Is there a resource that quantifies correlations during market stress events? I want to hedge a vanilla asset allocation strategy against systemic market upsets. If risk asset correlations move towards 1 during systemic crisis, then an optimal asset allocation hedge could be developed by buying the relatively cheapest (quarterly/monthly/weekly) OTM spreads on systemically important securities (SPY, HYG, TLT, GLD, VXX). To study this I would like to look at historical periods of market stress to determine the correlations of stocks/treasuries/junk/gold. Any tips for an under capitalized working stiff to do this?
Pull in free Yahoo or Google data, analyze with appropriate R (or Py) packages. It's at most a dozen lines of code.

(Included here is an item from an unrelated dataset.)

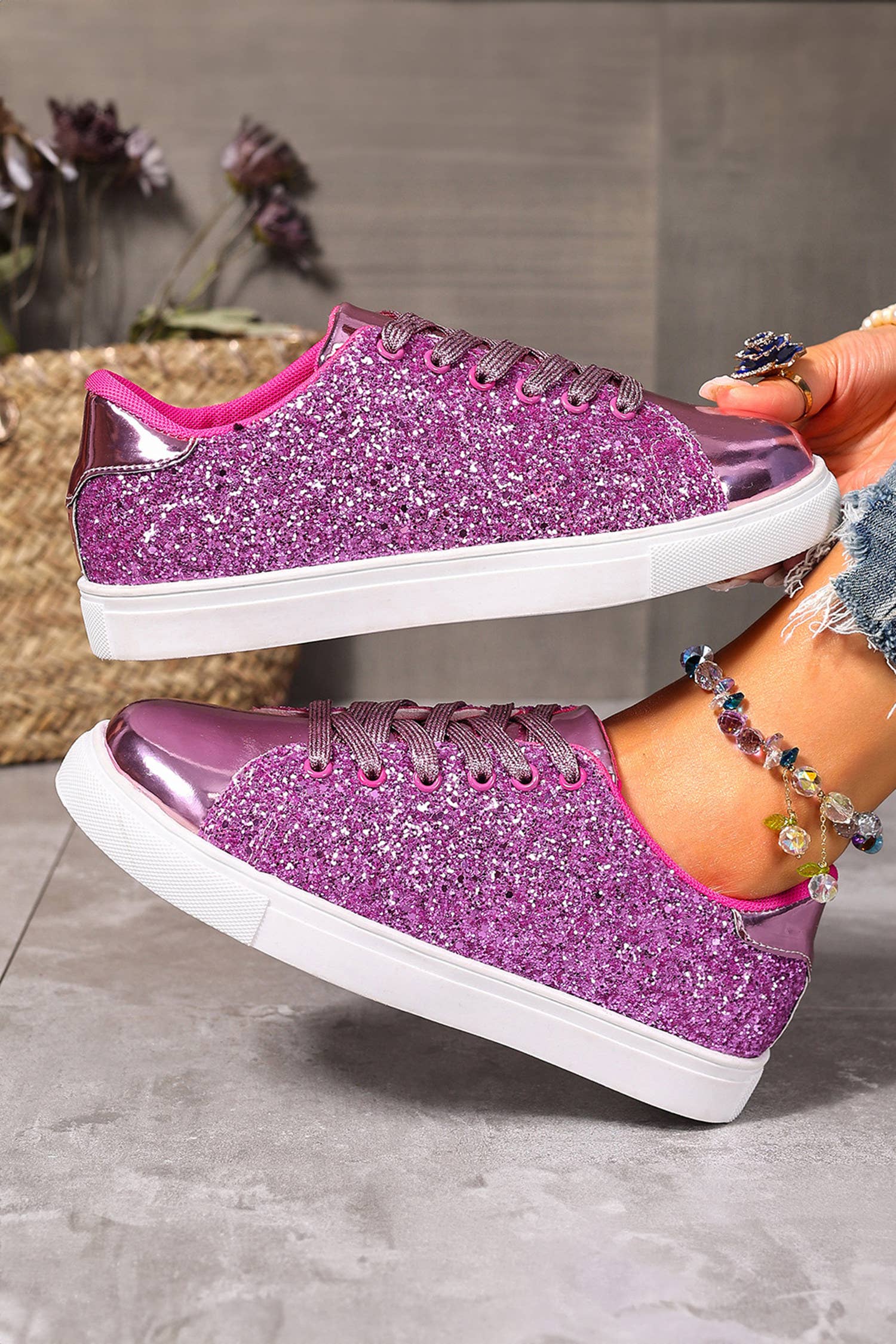 Cheerful Sequin Sleek Patchwork Lace-Up Flat Shoes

There are several threads with relevant examples.
In 2008 dispersion became non-existant. Trust me, when shit hits the fan you will know it, no sophisticated model needed (heck, I say that as practicing quant trader) . And when you start hedging when it's too late you are just one additional person trying to squeeze through the bottle neck. Hedges will be very expensive. To some problems there simply are no optimal solutions, only consequences to choices, made beforehand. May I suggest you concentrate your efforts on identifying market behavior at a much earlier stage and implement optimal solutions upstream.
@Zzzz1 Thanks for the input. I'm working on my breadth and intermarket studies too. Any other aspects I should monitor for system stress? Do you think we'll get as much advanced warning for the next debacle as we had for the 2008 train wreck? With all the intervention it seems to me that a pending bear will be masked until it just snaps free.
There are always warning signs. It's just a matter of degree. The money markets seized up a year before the last big crash. I would make the case that because of that crash it's harder for the next one to happen, as some will always have one foot out the door. Nevertheless it's a really old bull.